Cinco décadas atrás Capra señalaba esta visión como la causa de los principales problemas del mundo, mencionando entre otras cosas la devastación ambiental, la lucha competitiva individualista, la creencia en un crecimiento económico ilimitado, el sometimiento de la mujer… Cada vez es más evidente, decía, que el misticismo es el fondo filosófico necesario para un nuevo cambio de paradigma científico. En las últimas páginas de las 500 escritas, Capra acumulaba eslóganes prescriptivos para unos seres llamados humanos: «limpiar el espejo de la mente, percibir la luz pura, seguir el camino del corazón, levantar el velo de la ignorancia, alcanzar la plena conciencia». En una de las tantas reediciones, explicaba que al escribir su libro pensaba que se venderían solo 100.000 ejemplares y se alegraba de haber vendido millones y de las incontables traducciones. Se podrá decir que desde entonces el mundo ha cambiado (mejorado) o no, lo cierto es que este mercado de humanos (demasiado humanos) se ha mantenido, incluso ampliado: charlas TED sobre mantras y tantras, festivales transformadores, círculos de sinergia, eventos con healing area y lectura de energía, canto orgánico, vibración integral, trabajo personal con ayahuasca, ambil, san pedro y microdosis de LSD, ceremonias de cacao, inmersión sonora, reconexión en agua cósmica, danza consciente y sintiente, cortes de pelo holísticos y bigotes retro que casualmente recuerdan a los años de Capra.

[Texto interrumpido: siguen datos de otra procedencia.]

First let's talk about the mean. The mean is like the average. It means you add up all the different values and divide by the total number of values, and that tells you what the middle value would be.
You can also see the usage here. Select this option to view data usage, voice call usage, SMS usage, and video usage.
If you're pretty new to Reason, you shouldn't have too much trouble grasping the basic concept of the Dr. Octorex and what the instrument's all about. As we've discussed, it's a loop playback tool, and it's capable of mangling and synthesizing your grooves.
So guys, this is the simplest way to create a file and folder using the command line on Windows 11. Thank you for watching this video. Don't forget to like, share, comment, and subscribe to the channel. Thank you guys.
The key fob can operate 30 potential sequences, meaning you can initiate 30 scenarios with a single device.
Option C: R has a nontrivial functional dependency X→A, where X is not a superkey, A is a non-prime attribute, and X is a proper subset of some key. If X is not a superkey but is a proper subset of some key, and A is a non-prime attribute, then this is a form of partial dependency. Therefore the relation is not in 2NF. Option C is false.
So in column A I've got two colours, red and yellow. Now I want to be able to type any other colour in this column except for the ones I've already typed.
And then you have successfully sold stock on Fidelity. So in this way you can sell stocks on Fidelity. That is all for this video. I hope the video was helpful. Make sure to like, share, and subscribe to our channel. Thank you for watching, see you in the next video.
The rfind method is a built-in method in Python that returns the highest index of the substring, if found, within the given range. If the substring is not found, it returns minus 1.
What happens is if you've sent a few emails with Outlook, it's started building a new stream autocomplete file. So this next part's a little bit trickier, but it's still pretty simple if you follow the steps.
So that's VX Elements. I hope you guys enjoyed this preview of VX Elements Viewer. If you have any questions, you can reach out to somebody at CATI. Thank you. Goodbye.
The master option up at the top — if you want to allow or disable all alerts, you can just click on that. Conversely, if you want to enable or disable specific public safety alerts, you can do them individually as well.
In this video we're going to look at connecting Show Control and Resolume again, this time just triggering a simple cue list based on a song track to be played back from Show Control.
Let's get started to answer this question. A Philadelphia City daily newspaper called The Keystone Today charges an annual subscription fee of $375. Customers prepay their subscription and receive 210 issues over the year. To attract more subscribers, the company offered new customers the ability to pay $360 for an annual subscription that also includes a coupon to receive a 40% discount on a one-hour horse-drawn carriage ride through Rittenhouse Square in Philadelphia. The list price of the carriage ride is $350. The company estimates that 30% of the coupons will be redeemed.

En los años setenta, el viejo Fritjof integraba una minoría científica que proponía incluir la conciencia, en tanto «aspecto esencial del universo», en una futura teoría de fenómenos físicos. Al mismo tiempo sostenía que la física ya no tenía nada que decir, pero la ciencia sí. No solo con respecto a la conciencia, también a otros fenómenos como mente, emoción, memoria, percepción, arte, cultura, lenguaje, sociedad, evolución, creatividad humana y artificial… «El cambio de paradigma en la física fue el primero de la ciencia moderna, pero la física ha perdido su papel como modelo para otras ciencias». Una década más tarde, en los años ochenta, empezarían a sonar nombres como Maturana o Bateson. Una nueva ciencia, con epicentro en la biología, se disponía a avanzar, destronar, cambiar el mundo y presumir.